Paper ID: | 219 |
---|---|

Title: | DISCO Nets : DISsimilarity COefficients Networks |

The paper presents a method which allows for efficiently sampling from the posterior of a distribution parameterized by a neural network. They propose a method to create a proxy for the true distribution of data and also a propose a training strategy which minimizes the difference between the true and estimated distributions. They show results for hand pose estimation where their network with posterior sampling works better than the one without. They also compare their results with some previous works.

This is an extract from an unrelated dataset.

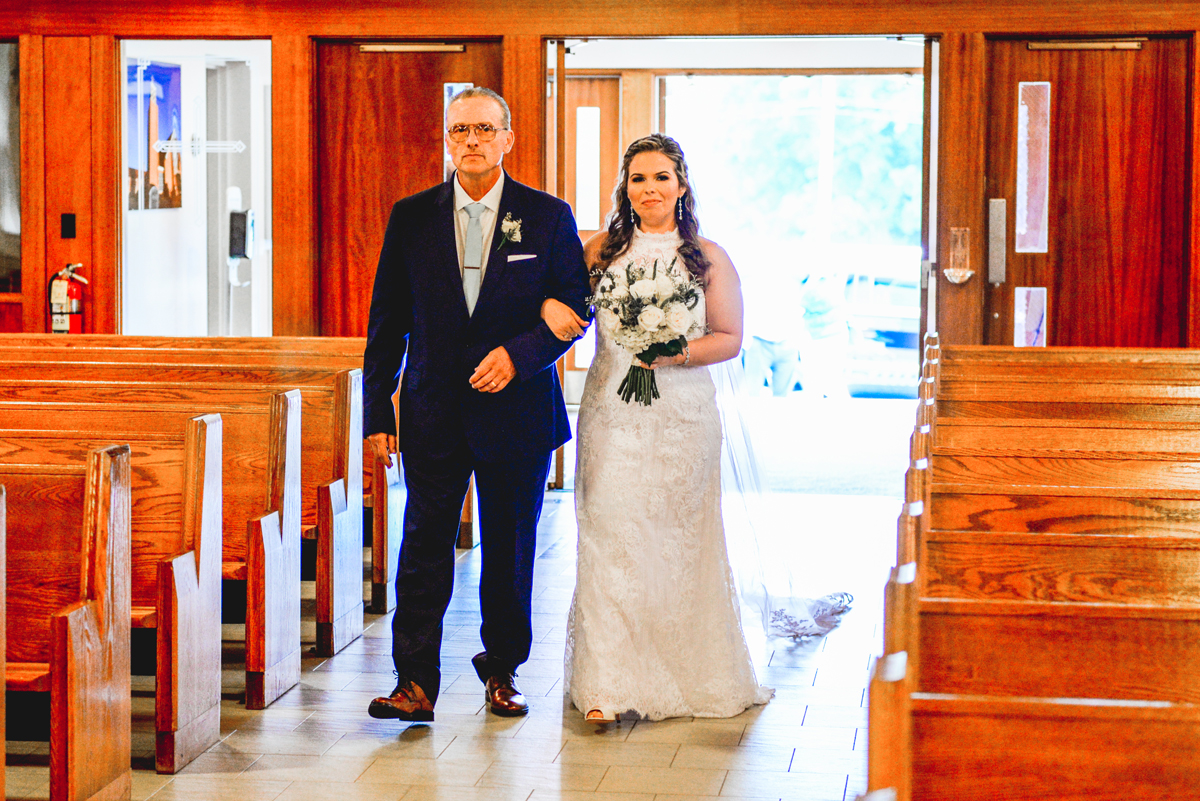 wedding, processional, father, daughter, church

I like the general idea of paper, and the simple technique to add noises in the first fully connected layer to get multiple outputs for the same input data point. Their training strategy also seems sound. My biggest criticism is the experiments section. In 4.4, when they claim to compare with the state-of-the-art, why do they not compare with Hand Pose Estimation through Semi-Supervised and Weakly-Supervised Learning, Neverova et al. which (if I understand correctly) achieve much better results than Oberweger et al. (which they still do not outperform).

2-Confident (read it all; understood it all reasonably well)

The authors created a new class of probabilistic model using deep neural networks, with two major techniques that differ from existing methods of similar motivations: a simple method for concatenating noise samples for prediction; an objective function based on the diversity and dissimilarity coefficients. The framework can be easily applied to any network architecture with task-specific loss function. The authors demonstrated the effectiveness of the method on the hand pose prediction task. DISCO Net outperformed the non-probabilistic variant of the same architecture by a large margin, and also outperformed existing probabilistic method cGAN which has additional disadvantage in practice compared to the DISCO Net method.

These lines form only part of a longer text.